▶ [ASSIGNED TASK]: Your output should be the lines below from the one with "Solid walnut live" through the one with "A drone flying in the night sky.", copied exactly, pictures excluded.
::::::::::
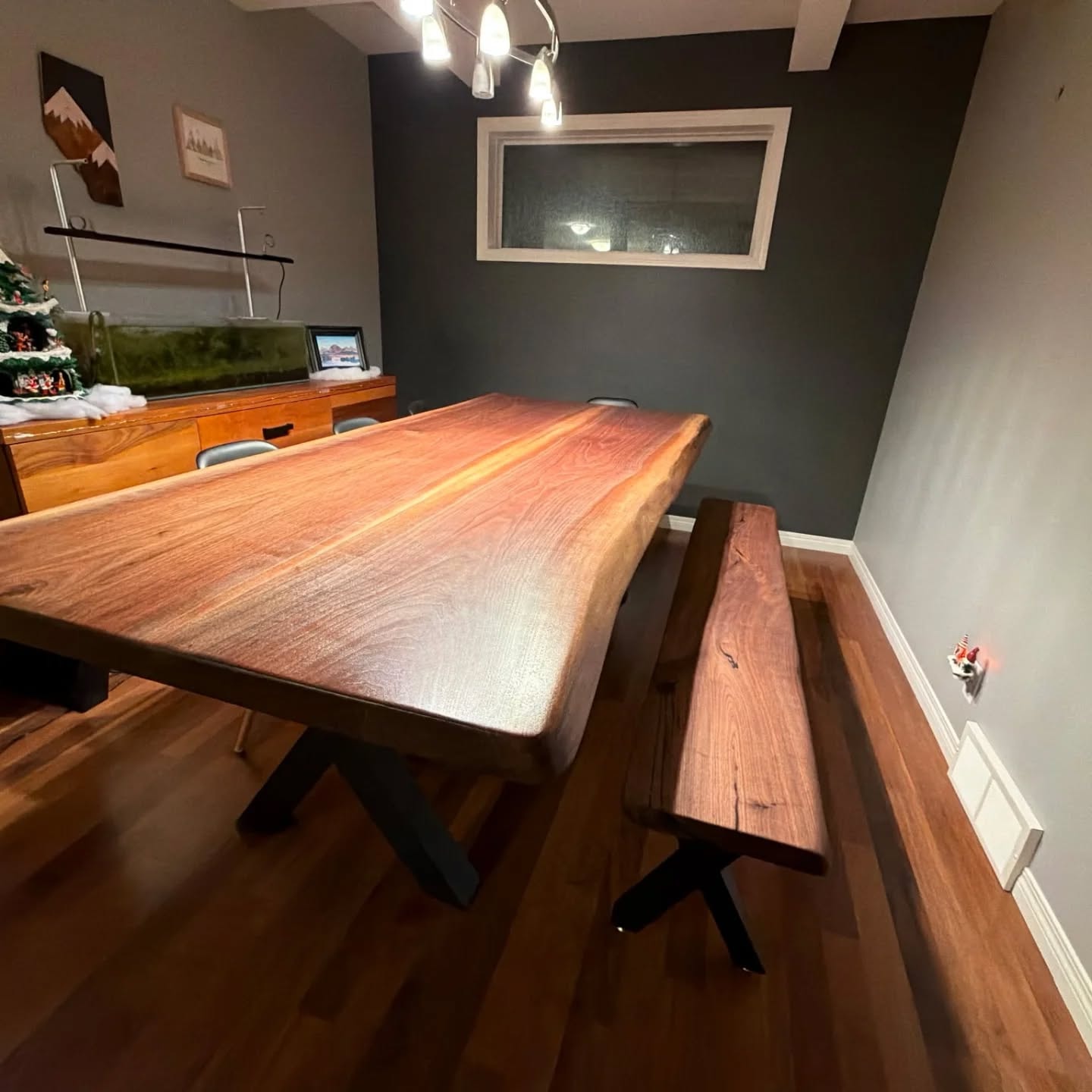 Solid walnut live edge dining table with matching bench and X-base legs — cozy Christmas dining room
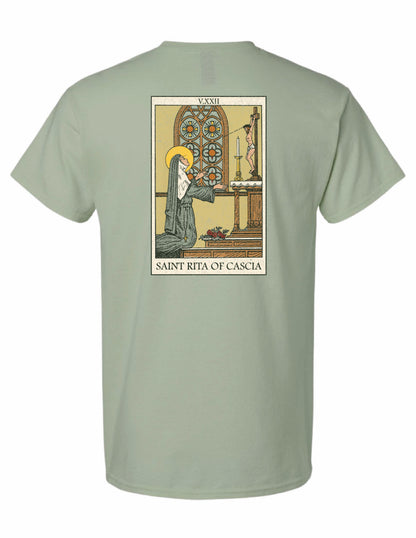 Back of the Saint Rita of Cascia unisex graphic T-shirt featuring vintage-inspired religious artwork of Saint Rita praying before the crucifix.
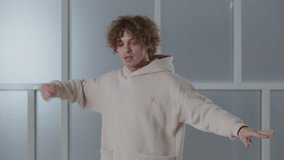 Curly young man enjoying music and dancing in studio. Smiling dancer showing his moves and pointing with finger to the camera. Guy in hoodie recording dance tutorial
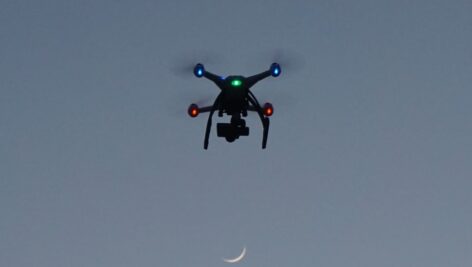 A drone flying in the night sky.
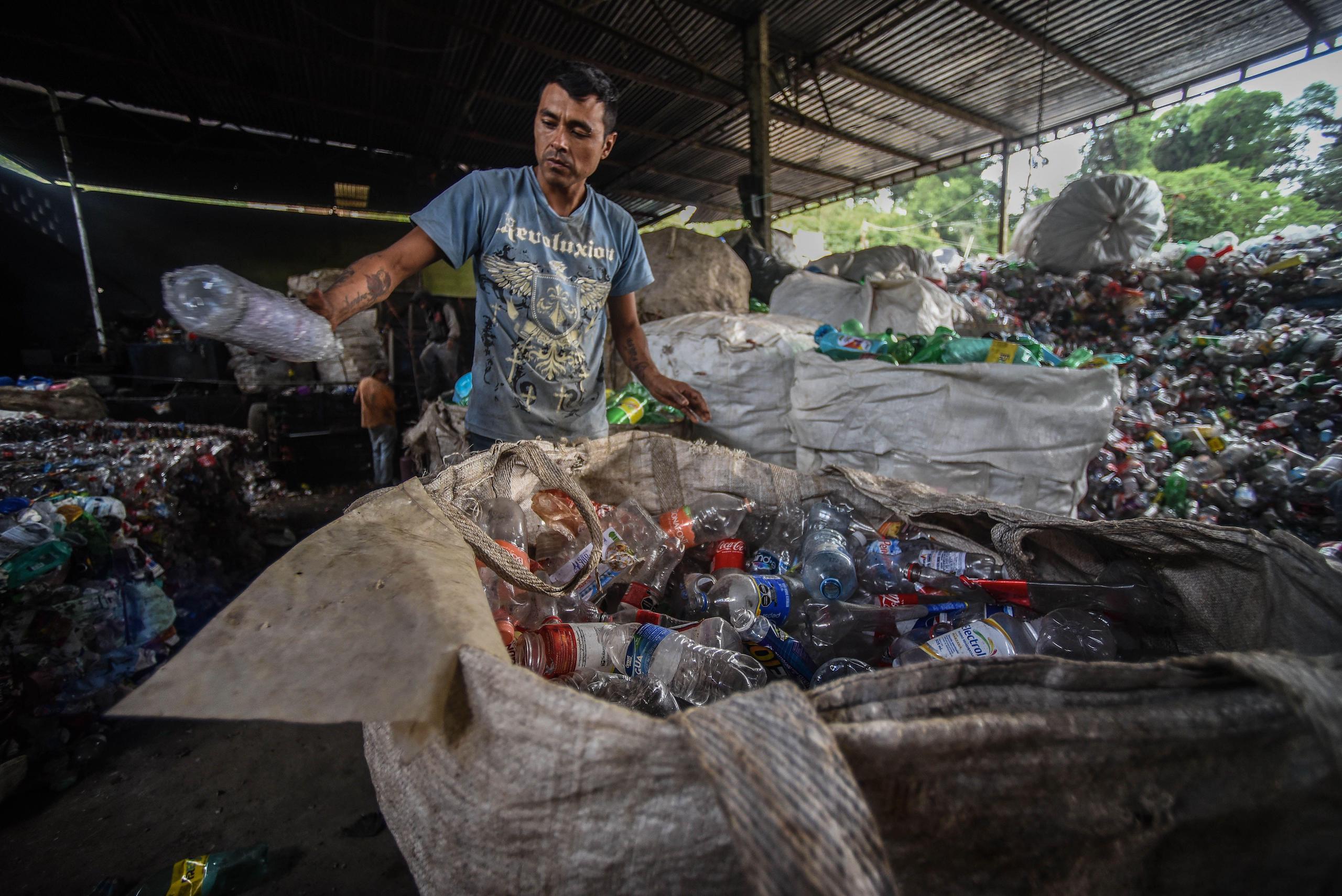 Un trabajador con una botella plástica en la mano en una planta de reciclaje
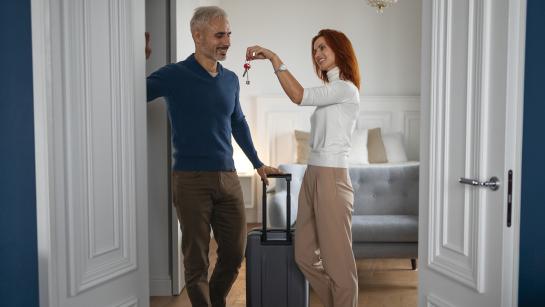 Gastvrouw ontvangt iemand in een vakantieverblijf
::::::::::
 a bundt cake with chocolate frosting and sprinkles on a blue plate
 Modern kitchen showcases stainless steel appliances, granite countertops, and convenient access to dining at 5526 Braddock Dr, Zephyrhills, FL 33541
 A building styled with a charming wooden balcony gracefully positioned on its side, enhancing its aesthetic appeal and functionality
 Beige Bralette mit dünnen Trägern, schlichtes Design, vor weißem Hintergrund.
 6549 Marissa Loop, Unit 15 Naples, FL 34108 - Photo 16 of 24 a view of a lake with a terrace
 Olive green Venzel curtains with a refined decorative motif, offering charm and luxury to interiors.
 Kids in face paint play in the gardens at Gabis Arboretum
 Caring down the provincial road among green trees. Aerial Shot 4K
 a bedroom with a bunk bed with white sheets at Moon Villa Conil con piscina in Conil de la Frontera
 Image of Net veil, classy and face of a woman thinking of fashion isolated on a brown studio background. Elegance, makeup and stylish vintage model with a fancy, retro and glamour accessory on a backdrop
::::::::::
▶ [ANSWER TO THIS EXERCISE]:
 Solid walnut live edge dining table with matching bench and X-base legs — cozy Christmas dining room
 Back of the Saint Rita of Cascia unisex graphic T-shirt featuring vintage-inspired religious artwork of Saint Rita praying before the crucifix.
 Curly young man enjoying music and dancing in studio. Smiling dancer showing his moves and pointing with finger to the camera. Guy in hoodie recording dance tutorial
 A drone flying in the night sky.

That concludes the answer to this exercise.